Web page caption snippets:
=== Begin Enclosure ===
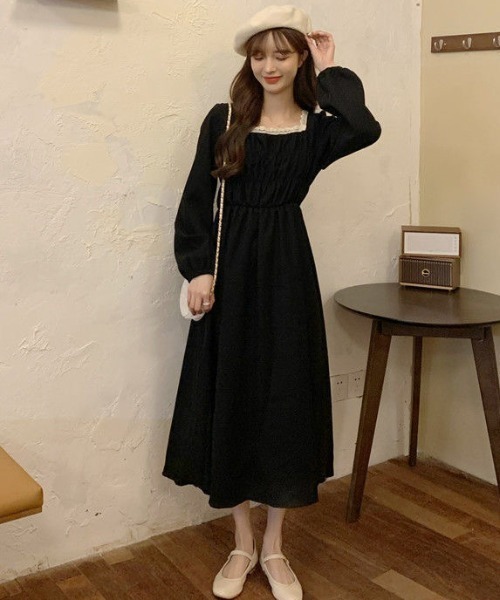 「Sibra」 長袖ワンピース M アイボリー レディース_画像6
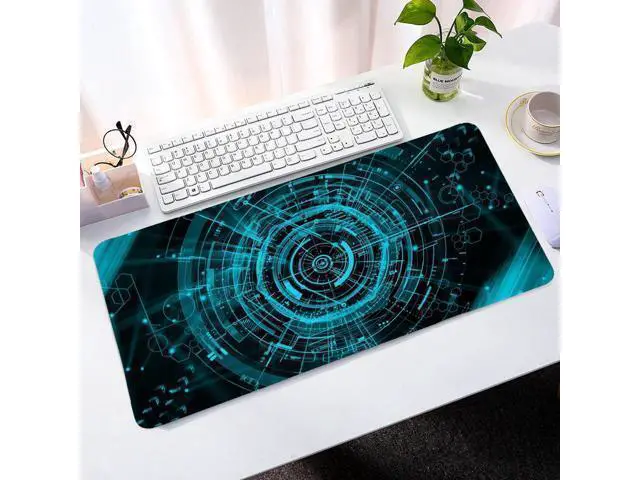 Alt view image 11 of 12 - RAMAHP Gaming Mouse Pad Large Keyboard Pad 23.6 x 11.8in Cyberpunk Geared Machinery Mouse Pad for Keyboard with Anti-Slip Rubber Base, Extended Desk Pad Keyboard Pad Mouse Mat Green
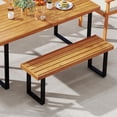 thumbnail image 5 of Springg Acacia Wood Outdoor Bench, 48" Long Patio Dining Bench w/Metal Legs, Slatted Seat, Backless Picnic Bench, Farmhouse Furniture for Garden Poolside Porch Balcony Deck Indoor (1,Natural), 5 of 9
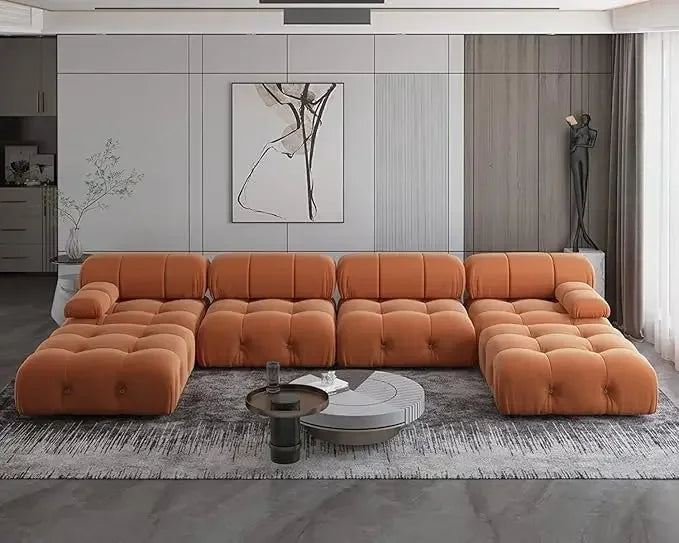 High-End Velvet Lounge Sofa – Stylish Curved Design for Living Rooms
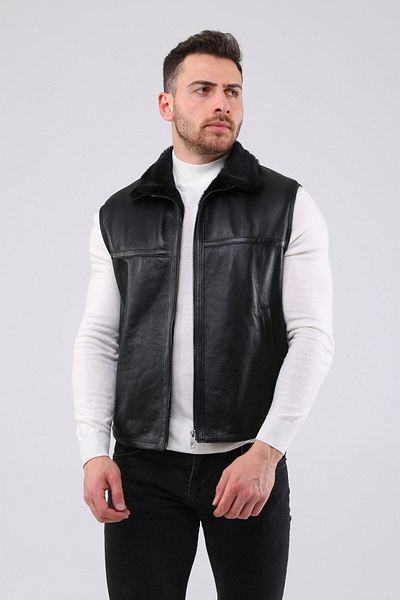 CE-YIL DERİ ÜRÜNLERİ Men's Genuine Leather Fur Vest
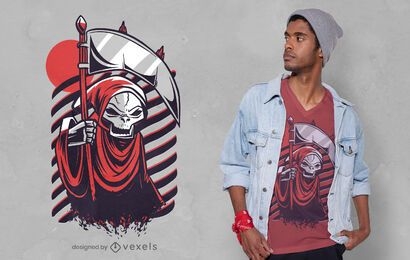 Red grim reaper t-shirt design
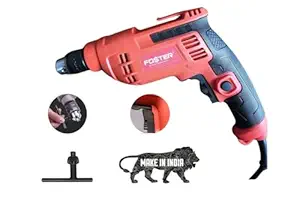 FOSTER FPD-010NX Electric Drill Machine For Home Use with Forward/Reverse Variable speed, Chuck 10mm, 500W, Copper Armature, 2800RPM for Wood & Metal Work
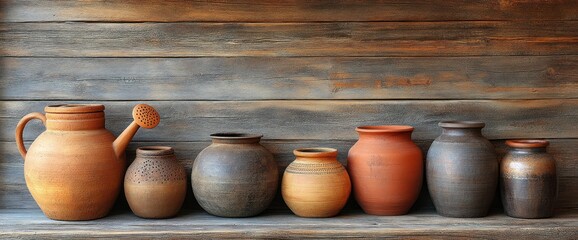Rustic pottery collection on wooden shelf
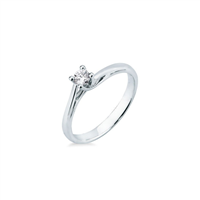Anello solitario in oro bianco 18 kt con diamante 0.12 ct SI G – Eleganza moderna firmata Idee Preziose dal 1987 - IP.AK18B/10D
=== End Enclosure ===
▶ **Work to complete**
Up to and including the line with "Rustic pottery collection on wooden shelf", repeat every line from the top of the entries exactly, but not the pictures.

▶ **Result of this task**
 「Sibra」 長袖ワンピース M アイボリー レディース_画像6
 Alt view image 11 of 12 - RAMAHP Gaming Mouse Pad Large Keyboard Pad 23.6 x 11.8in Cyberpunk Geared Machinery Mouse Pad for Keyboard with Anti-Slip Rubber Base, Extended Desk Pad Keyboard Pad Mouse Mat Green
 thumbnail image 5 of Springg Acacia Wood Outdoor Bench, 48" Long Patio Dining Bench w/Metal Legs, Slatted Seat, Backless Picnic Bench, Farmhouse Furniture for Garden Poolside Porch Balcony Deck Indoor (1,Natural), 5 of 9
 High-End Velvet Lounge Sofa – Stylish Curved Design for Living Rooms
 CE-YIL DERİ ÜRÜNLERİ Men's Genuine Leather Fur Vest
 Red grim reaper t-shirt design
 FOSTER FPD-010NX Electric Drill Machine For Home Use with Forward/Reverse Variable speed, Chuck 10mm, 500W, Copper Armature, 2800RPM for Wood & Metal Work
Rustic pottery collection on wooden shelf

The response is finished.